◆ What you need to do
Take the line that contains "RAINMAKER KYOTO Black Paneled Jacket outlook" as the first line and the final line of the records as the last; return exactly those lines and the lines between.

◆ Data supplied

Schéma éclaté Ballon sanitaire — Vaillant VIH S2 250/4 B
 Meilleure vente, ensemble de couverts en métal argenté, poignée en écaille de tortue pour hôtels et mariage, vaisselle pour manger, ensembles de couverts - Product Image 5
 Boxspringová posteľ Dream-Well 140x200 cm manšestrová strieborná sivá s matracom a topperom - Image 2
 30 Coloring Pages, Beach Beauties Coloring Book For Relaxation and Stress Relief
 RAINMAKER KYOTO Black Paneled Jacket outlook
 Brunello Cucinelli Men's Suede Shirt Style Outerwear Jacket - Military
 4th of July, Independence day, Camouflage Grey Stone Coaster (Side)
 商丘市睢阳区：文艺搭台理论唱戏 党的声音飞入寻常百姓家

◆ Solution below
 RAINMAKER KYOTO Black Paneled Jacket outlook
 Brunello Cucinelli Men's Suede Shirt Style Outerwear Jacket - Military
 4th of July, Independence day, Camouflage Grey Stone Coaster (Side)
 商丘市睢阳区：文艺搭台理论唱戏 党的声音飞入寻常百姓家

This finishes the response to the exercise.